> [PROMPT]: Write out, from the entries below, exactly the lines that run between the lines holding "Четырёхместный номер Executive" and "2 Lochern Way, Bushland Beach QLD 4818", inclusive, and stop there.

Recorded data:
------------------------------------
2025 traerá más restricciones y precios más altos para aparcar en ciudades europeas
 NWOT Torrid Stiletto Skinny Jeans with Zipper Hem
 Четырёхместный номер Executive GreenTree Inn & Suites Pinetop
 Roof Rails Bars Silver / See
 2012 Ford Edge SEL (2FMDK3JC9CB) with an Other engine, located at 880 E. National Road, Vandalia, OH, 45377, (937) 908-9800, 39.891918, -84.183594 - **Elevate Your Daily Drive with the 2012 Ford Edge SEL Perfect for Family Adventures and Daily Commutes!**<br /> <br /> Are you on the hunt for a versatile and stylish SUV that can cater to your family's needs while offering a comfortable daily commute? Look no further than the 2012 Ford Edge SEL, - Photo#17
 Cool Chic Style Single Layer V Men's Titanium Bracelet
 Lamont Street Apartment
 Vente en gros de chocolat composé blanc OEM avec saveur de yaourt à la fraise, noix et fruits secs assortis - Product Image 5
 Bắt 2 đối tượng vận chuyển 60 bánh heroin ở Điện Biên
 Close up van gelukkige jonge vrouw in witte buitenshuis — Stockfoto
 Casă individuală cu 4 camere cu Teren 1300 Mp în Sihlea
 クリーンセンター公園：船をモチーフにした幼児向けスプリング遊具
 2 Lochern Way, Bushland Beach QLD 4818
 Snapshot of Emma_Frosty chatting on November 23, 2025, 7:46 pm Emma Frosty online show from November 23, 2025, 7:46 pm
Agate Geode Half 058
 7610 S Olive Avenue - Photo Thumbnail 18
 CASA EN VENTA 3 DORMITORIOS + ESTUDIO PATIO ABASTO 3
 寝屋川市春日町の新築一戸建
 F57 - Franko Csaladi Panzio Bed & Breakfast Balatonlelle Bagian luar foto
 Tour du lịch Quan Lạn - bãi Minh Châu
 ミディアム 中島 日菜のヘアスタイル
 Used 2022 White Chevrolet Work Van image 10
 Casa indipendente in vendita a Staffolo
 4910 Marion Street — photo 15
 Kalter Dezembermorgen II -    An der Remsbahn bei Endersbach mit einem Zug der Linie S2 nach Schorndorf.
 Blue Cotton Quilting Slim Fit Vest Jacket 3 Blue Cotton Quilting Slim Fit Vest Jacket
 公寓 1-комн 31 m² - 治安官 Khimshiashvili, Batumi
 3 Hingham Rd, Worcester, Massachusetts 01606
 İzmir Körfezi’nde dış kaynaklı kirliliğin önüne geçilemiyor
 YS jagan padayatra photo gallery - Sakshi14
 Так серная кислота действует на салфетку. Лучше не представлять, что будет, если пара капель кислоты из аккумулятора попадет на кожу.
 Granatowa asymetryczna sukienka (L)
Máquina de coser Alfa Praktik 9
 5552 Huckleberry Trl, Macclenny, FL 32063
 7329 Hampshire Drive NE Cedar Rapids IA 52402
------------------------------------
> [RESULT BELOW]:
 Четырёхместный номер Executive GreenTree Inn & Suites Pinetop
 Roof Rails Bars Silver / See
 2012 Ford Edge SEL (2FMDK3JC9CB) with an Other engine, located at 880 E. National Road, Vandalia, OH, 45377, (937) 908-9800, 39.891918, -84.183594 - **Elevate Your Daily Drive with the 2012 Ford Edge SEL Perfect for Family Adventures and Daily Commutes!**<br /> <br /> Are you on the hunt for a versatile and stylish SUV that can cater to your family's needs while offering a comfortable daily commute? Look no further than the 2012 Ford Edge SEL, - Photo#17
 Cool Chic Style Single Layer V Men's Titanium Bracelet
 Lamont Street Apartment
 Vente en gros de chocolat composé blanc OEM avec saveur de yaourt à la fraise, noix et fruits secs assortis - Product Image 5
 Bắt 2 đối tượng vận chuyển 60 bánh heroin ở Điện Biên
 Close up van gelukkige jonge vrouw in witte buitenshuis — Stockfoto
 Casă individuală cu 4 camere cu Teren 1300 Mp în Sihlea
 クリーンセンター公園：船をモチーフにした幼児向けスプリング遊具
 2 Lochern Way, Bushland Beach QLD 4818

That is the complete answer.